ConTAMinAzione è un termine che si adatta all’intera produzione di Vania Elettra Tam, ma in particolare alle opere qui esposte, vere e proprie scorribande nel mondo dell’enigmistica, della psicanalisi, del fumetto, della satira, dell’arte antica, condotte sempre con eleganza e misurata ironia. Piace pensare che la parola si spezzi a formare una frase: “con Tam in azione”, un’esortazione a mettere in moto le cellule grigie, per godere non solo visivamente delle preziosità di Vania, delle sue qualità artistiche, ma anche del suo sense of humor, della sua corrosiva leggerezza, della sua soave crudeltà… La contaminazione si estende alle opere “leonardesche” nelle quali, trasformatasi in una sorta di “reporter atemporale” in vena di scoop, l’artista ha immaginato di trovarsi nell’atelier del maestro, mentre i personaggi dei suoi quadri si apprestano a posare per lui, circondati da un esercito di sarti, parrucchiere, manicure che ne curano maniacalmente il look.

In “Kanon-regole ferree” l’artista rielabora ritratti di epoca rinascimentale sovrapponendo ai loro volti nuovi marchingegni di ferro atti a correggere eventuali loro difetti: labbra troppo sottili, nasi un po’ adunchi, occhi troppo piccoli, fronti o menti troppo sporgenti. Il canone di bellezza, di classica memoria, ancora una volta intende porre ordine in una natura che sembra rassegnata a subire qualsiasi artificio. Il tutto filtrato sempre attraverso il variegato universo femminile che nell’intera opera di Vania Elettra Tam è protagonista assoluto di un immaginario al tempo stesso reale e irreale, ironico e onirico. Da qui il titolo di questa mostra, IRONIKONIRICA, un neologismo inteso a sottolineare l’avvento di una nuova complessa iconografia, che trae spunto tanto dal sogno quanto dall’ironia, in un percorso concettualmente tortuoso che giunge, infine, ad un’insospettabile sintesi, ad una immediatezza da slogan pubblicitario, una frecciata che sa sempre cogliere il centro del bersaglio.

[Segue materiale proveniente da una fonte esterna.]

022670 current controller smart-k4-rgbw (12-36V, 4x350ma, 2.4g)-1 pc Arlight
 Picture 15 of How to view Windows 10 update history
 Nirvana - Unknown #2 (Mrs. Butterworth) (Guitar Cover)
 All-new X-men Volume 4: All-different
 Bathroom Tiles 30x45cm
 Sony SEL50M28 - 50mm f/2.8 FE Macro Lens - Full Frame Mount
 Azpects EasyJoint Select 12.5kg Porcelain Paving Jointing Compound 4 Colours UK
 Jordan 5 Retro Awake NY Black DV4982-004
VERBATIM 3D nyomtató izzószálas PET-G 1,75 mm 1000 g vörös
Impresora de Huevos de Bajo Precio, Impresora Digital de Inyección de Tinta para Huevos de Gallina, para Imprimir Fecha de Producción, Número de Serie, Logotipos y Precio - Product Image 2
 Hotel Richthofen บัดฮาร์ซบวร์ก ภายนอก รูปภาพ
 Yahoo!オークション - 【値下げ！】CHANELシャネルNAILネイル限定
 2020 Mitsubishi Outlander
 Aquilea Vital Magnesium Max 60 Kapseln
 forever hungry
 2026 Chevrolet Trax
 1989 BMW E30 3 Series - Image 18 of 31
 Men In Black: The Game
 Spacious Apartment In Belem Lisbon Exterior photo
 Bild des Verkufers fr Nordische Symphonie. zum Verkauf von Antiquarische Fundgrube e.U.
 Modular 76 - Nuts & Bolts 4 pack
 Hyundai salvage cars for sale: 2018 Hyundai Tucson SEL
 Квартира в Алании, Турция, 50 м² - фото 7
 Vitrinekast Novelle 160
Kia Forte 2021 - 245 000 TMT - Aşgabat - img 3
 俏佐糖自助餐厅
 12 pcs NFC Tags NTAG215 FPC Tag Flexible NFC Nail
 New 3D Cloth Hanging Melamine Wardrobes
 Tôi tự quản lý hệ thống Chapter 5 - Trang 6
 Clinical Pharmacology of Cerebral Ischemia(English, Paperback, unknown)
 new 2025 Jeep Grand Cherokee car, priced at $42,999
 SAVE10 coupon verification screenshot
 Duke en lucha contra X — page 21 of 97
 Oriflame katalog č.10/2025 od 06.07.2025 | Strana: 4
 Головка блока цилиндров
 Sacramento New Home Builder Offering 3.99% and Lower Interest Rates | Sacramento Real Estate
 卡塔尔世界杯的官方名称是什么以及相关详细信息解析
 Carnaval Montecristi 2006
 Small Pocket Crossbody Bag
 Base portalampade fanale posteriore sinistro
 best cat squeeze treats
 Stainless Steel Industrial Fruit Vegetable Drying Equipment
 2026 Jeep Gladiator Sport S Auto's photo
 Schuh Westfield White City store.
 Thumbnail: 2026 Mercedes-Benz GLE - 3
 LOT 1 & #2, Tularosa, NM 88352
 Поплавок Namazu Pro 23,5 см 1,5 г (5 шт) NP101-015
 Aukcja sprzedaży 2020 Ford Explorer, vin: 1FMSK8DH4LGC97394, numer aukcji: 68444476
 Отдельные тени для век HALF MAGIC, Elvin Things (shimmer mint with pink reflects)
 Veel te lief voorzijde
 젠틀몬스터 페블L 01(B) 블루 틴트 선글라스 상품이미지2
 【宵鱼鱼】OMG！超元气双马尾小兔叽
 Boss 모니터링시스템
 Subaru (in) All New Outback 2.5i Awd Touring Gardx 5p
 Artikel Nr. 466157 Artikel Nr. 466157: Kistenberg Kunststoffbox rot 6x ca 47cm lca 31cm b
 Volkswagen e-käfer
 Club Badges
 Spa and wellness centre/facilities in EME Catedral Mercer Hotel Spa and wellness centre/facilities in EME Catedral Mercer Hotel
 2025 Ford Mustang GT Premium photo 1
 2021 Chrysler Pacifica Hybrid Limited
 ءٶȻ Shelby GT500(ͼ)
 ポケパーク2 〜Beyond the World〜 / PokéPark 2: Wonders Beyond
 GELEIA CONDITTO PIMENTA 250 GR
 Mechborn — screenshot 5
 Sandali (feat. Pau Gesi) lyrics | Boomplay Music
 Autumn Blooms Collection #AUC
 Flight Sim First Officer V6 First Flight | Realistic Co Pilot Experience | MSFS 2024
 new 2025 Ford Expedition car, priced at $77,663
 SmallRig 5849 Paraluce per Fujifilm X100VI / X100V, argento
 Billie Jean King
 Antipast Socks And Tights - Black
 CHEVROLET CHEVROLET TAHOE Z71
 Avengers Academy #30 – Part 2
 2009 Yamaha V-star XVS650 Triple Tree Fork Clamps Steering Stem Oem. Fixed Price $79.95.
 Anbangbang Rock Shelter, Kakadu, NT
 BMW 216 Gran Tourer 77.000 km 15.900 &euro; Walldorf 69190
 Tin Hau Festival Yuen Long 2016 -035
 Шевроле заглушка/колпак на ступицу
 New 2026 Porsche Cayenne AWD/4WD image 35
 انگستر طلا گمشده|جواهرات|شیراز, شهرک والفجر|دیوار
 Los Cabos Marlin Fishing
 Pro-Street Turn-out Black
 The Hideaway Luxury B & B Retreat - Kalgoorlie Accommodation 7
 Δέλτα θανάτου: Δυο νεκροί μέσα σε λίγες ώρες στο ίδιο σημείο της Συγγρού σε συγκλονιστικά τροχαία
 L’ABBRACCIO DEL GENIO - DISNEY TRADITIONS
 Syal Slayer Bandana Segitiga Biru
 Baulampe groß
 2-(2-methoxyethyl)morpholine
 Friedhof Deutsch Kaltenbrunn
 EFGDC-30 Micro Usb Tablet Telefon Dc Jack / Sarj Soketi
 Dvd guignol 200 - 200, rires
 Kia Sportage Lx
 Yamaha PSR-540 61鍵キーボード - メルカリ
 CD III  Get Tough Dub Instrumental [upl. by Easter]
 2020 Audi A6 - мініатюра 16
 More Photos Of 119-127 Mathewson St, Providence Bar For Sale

Negli “Origami Clitoridei” (e il titolo è tutto un programma) le figure femminili hanno il capo avvolto da un “soggolo bianco”, copricapo utilizzato dalle nobildonne dell’alto medioevo, che nelle singole opere, assume forme inconsuete, che riportano alla mente atmosfere felliniane, taglienti e surreali. Vania Elettra Tam si cala nel contemporaneo armata di seduzione e sagacia e nelle sue opere nulla è scontato e prevedibile, perché essere artisti significa saper rendere visibile l’invisibile.

Occhio alla penna, 2018. Acrilico su tela, 100×150 cm. Courtesy dell’artista.